Automatic brain tumor segmentation on BRATS with anisotropic nets

This page describes how to acquire and use the whole tumor segmentation network as a part of the pipeline described in:

Wang et al., Automatic Brain Tumor Segmentation using Cascaded Anisotropic Convolutional Neural Networks, MICCAI BRATS 2017

https://arxiv.org/abs/1709.00382

  • This implementation ranked the first (in terms of averaged Dice score 0.90499) according to the online validation leaderboard of BRATS challenge 2017.*

  • For a full implementation of the method described in this paper with three stages of the cascaded CNNs, please see: https://github.com/taigw/brats17

Downloading model zoo files

The network weights and examples data can be downloaded with the command

net_download anisotropic_nets_brats_challenge_model_zoo

(Replace net_download with python net_download.py if you cloned the NiftyNet repository.)

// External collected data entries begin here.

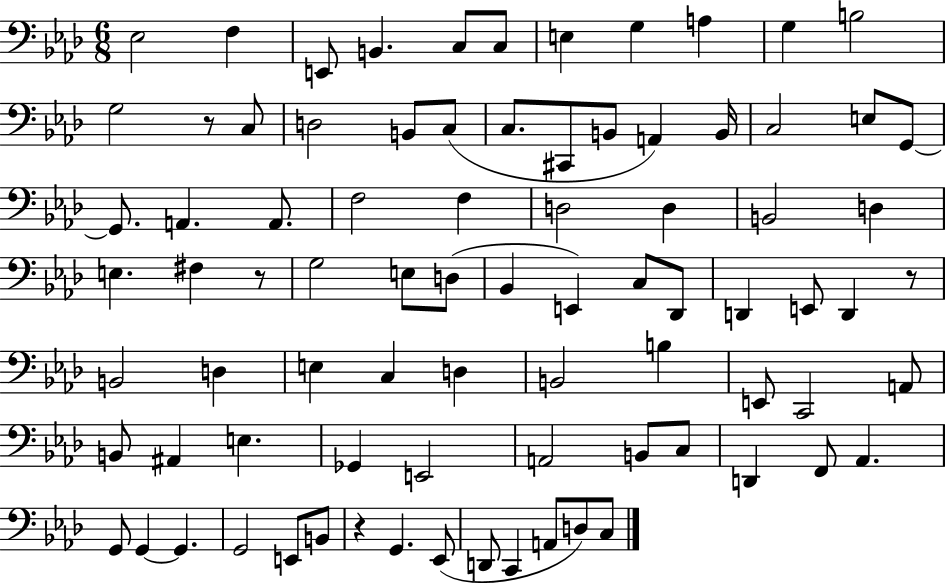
X:1
T:Untitled
M:6/8
L:1/4
K:Ab
_E,2 F, E,,/2 B,, C,/2 C,/2 E, G, A, G, B,2 G,2 z/2 C,/2 D,2 B,,/2 C,/2 C,/2 ^C,,/2 B,,/2 A,, B,,/4 C,2 E,/2 G,,/2 G,,/2 A,, A,,/2 F,2 F, D,2 D, B,,2 D, E, ^F, z/2 G,2 E,/2 D,/2 _B,, E,, C,/2 _D,,/2 D,, E,,/2 D,, z/2 B,,2 D, E, C, D, B,,2 B, E,,/2 C,,2 A,,/2 B,,/2 ^A,, E, _G,, E,,2 A,,2 B,,/2 C,/2 D,, F,,/2 _A,, G,,/2 G,, G,, G,,2 E,,/2 B,,/2 z G,, _E,,/2 D,,/2 C,, A,,/2 D,/2 C,/2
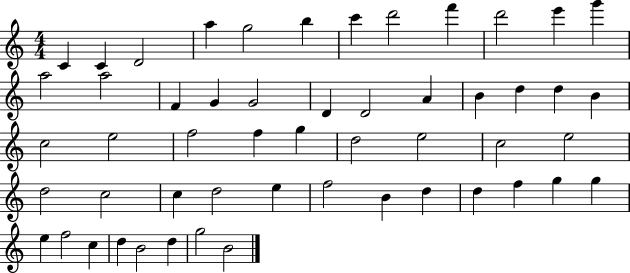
C4/q C4/q D4/h A5/q G5/h B5/q C6/q D6/h F6/q D6/h E6/q G6/q A5/h A5/h F4/q G4/q G4/h D4/q D4/h A4/q B4/q D5/q D5/q B4/q C5/h E5/h F5/h F5/q G5/q D5/h E5/h C5/h E5/h D5/h C5/h C5/q D5/h E5/q F5/h B4/q D5/q D5/q F5/q G5/q G5/q E5/q F5/h C5/q D5/q B4/h D5/q G5/h B4/h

After running this command successfully, the downloaded files include:

  • brats_seg_app.py -- an application built with NiftyNet, defines the main workflow of network training and inference.
  • wt_net.py -- the network definitions.
  • .ini files -- configuration files define system parameters for running segmentation networks, the three files correspond to the networks in three orientations [axial, coronal, sagittal] configurations.
  • label_mapping_whole_tumor.txt -- mapping file used by NiftyNet, to convert the multi-class segmentations into a binary problem.

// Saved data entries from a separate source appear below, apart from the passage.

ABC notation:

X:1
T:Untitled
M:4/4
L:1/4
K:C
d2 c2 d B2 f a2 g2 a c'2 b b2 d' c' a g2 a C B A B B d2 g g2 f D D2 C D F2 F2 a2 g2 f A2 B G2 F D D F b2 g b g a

Generating segmentations for example data

Generate segmentations for the included example image with the command,

For the network operates in axial view:

net_run inference -a anisotropic_nets_brats_challenge.brats_seg_app.BRATSApp \
                  -c ~/niftynet/extensions/anisotropic_nets_brats_challenge/whole_tumor_axial.ini

For the network operates in coronal view:

net_run inference -a anisotropic_nets_brats_challenge.brats_seg_app.BRATSApp \
                  -c ~/niftynet/extensions/anisotropic_nets_brats_challenge/whole_tumor_coronal.ini

For the network operates in sagittal view:

net_run inference -a anisotropic_nets_brats_challenge.brats_seg_app.BRATSApp \
                  -c ~/niftynet/extensions/anisotropic_nets_brats_challenge/whole_tumor_sagittal.ini

(Replace net_run with python net_run.py if you cloned the NiftyNet repository.)

Generating averaged volume from the outcomes of the previous step

A script has been created to compute the averaged volumes and the Dice coefficients from the probabilistic outputs of the segmentation step.

python ~/niftynet/extensions/anisotropic_nets_brats_challenge/average_volume.py

A script rename_crop_BRATS.py is also available to to rename BRATS17 images into TYPEindex_modality.nii.gz format and crop with a bounding box to remove image background (voxels with intensity value zero).


Example data used in this model zoo entry are taken from Multimodal Brain Tumor Segmentation Challenge 2017.

Data references:

Menze, Bjoern H., et al. "The multimodal brain tumor image segmentation benchmark (BRATS)." IEEE transactions on medical imaging 34.10 (2015): 1993-2024. DOI: 10.1109/TMI.2014.2377694

Bakas, S., et al. "Advancing The Cancer Genome Atlas glioma MRI collections with expert segmentation labels and radiomic features." Nature Scientific Data 4:170117 (2017). DOI: 10.1038/sdata.2017.117


This model zoo entry is licensed under a Creative Commons Attribution 4.0 International (CC BY) License.